If you are self-employed as either a sole trader, or are a partner in a business partnership it is important you keep all records of business income and expenses for your Tax Return. You also need to keep copies of other paperwork that helped you to fill in your return, such as copies of dividend vouchers or bank interest statements.
There are no rules on how you should keep your records; they can be on paper, disc or computer. However, you may be charged a penalty if your books are inaccurate or are not complete and legible.
A simple way to keep your records safe is storing them in a box or folder, and marking it with the date so you can easily keep track. If your records are destroyed, stolen or lost and cannot be replaced, you will have to recreate them, so make sure you keep them safe. If you do have to recreate your records, if you are using estimated or provisional figures when filing your Tax Return, you need to tell HM Revenue and Customs.
You must keep your records for at least five years from the 31st January following the tax year that the tax return relates to. If you submitted your tax return late then you will need to keep them a little longer.

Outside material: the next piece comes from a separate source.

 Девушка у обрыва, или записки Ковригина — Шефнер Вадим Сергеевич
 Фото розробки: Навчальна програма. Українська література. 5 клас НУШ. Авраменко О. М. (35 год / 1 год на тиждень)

If you operate as a Limited company, you need to keep your records for at least 6 years, from the end of the financial year.
You might need to keep records for longer for a few reasons, such as if a transaction covers more than one accounting period, if your company has bought an item that is expected to last longer than 6 years, for example specific equipment, if a tax return is sent in late, or if HM Revenue and Customs have started a compliance check into your Tax Return.
Therefore make sure to keep your books and records safe once they have returned from the accountants and wait the allotted years before you think about having that bonfire!